Write out, word for word, the part of the listing below that opens with the line containing "Housse coussin unie" and closes with the line containing "Fusion Stunning 12", keeping both of those lines and adding no others.

* Dataset content *
+ + + + +

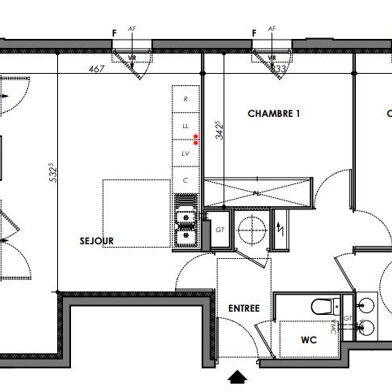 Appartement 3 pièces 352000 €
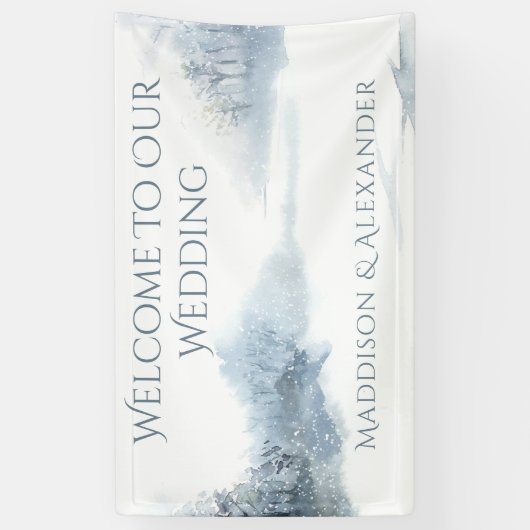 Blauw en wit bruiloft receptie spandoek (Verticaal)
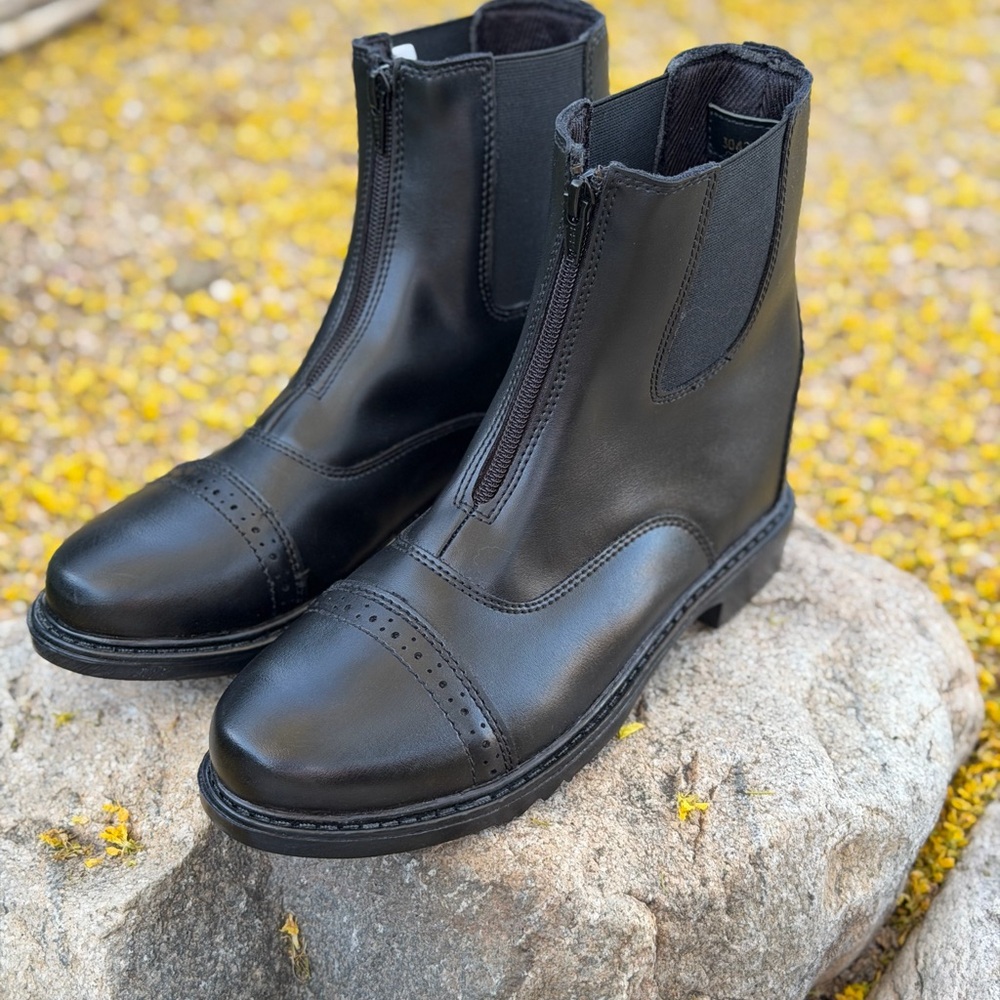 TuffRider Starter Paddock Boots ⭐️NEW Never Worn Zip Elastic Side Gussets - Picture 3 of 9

+ + + + +

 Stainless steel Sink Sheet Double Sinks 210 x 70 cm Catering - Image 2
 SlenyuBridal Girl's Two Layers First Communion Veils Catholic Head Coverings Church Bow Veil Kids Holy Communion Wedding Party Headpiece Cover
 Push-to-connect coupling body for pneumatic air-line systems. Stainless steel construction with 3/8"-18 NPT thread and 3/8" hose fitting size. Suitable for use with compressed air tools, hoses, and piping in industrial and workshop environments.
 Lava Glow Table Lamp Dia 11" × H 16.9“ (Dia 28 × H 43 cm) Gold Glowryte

+ + + + +

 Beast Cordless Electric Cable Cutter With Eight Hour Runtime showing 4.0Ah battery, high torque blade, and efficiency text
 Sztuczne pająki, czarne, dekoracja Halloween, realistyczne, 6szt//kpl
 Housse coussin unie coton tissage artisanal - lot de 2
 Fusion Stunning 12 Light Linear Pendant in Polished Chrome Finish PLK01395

+ + + + +

* Answer below *
 Housse coussin unie coton tissage artisanal - lot de 2
 Fusion Stunning 12 Light Linear Pendant in Polished Chrome Finish PLK01395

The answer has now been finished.